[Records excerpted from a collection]
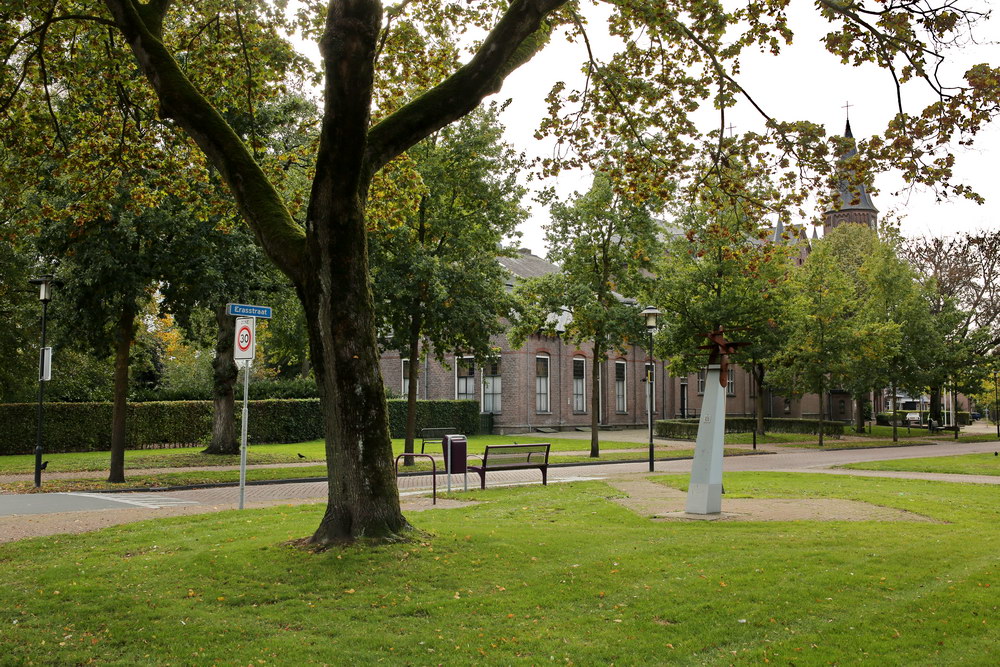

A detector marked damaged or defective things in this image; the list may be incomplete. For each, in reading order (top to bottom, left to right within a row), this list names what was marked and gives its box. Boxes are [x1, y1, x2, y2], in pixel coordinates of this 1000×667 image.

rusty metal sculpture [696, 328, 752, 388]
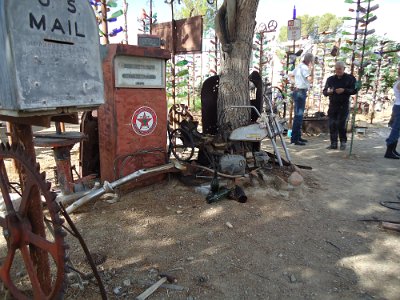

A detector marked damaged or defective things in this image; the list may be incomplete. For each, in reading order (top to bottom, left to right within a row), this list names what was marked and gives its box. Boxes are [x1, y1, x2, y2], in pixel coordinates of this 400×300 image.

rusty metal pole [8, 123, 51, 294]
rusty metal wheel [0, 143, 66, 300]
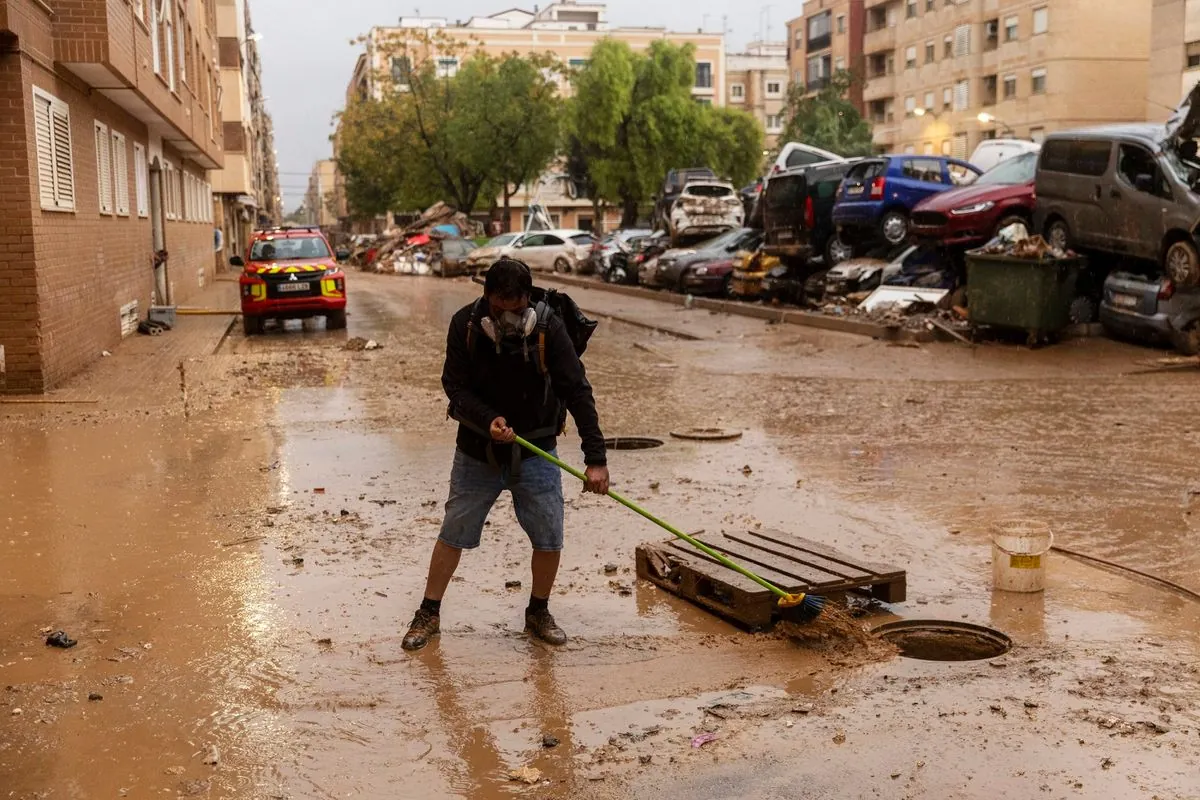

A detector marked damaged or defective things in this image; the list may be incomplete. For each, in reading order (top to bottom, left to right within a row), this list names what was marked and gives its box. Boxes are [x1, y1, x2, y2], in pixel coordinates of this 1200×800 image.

*PROBLEM DESCRIPTION:*
Only the text of the records belongs in your answer, copied exactly as it appears above.

*SOLUTION TO THIS PROBLEM:*
A detector marked damaged or defective things in this image; the list may be incomplete. For each, in reading order (top to bottom, left to right within a row), this list names what was marked and gives its box. Boxes are [x1, y1, x2, y2], in pixel coordinates of this 1000×667 image.

rusty metal sculpture [696, 328, 752, 388]

A detector marked damaged or defective things in this image; the list may be incomplete. For each, in reading order (top to bottom, left to right within a row), this list names what was marked and gives its box. Boxes are [x1, y1, x2, y2], in pixel coordinates of this 400×300 image.

rusty metal pole [8, 123, 51, 294]
rusty metal wheel [0, 143, 66, 300]

A detector marked damaged or defective things in this image; the list may be incomplete. For each, in reading order (top to bottom, left to right within a row), this list names what was marked and gives its box. Boxes are [x1, y1, x2, y2], in pixel coordinates of this 1200×800 image.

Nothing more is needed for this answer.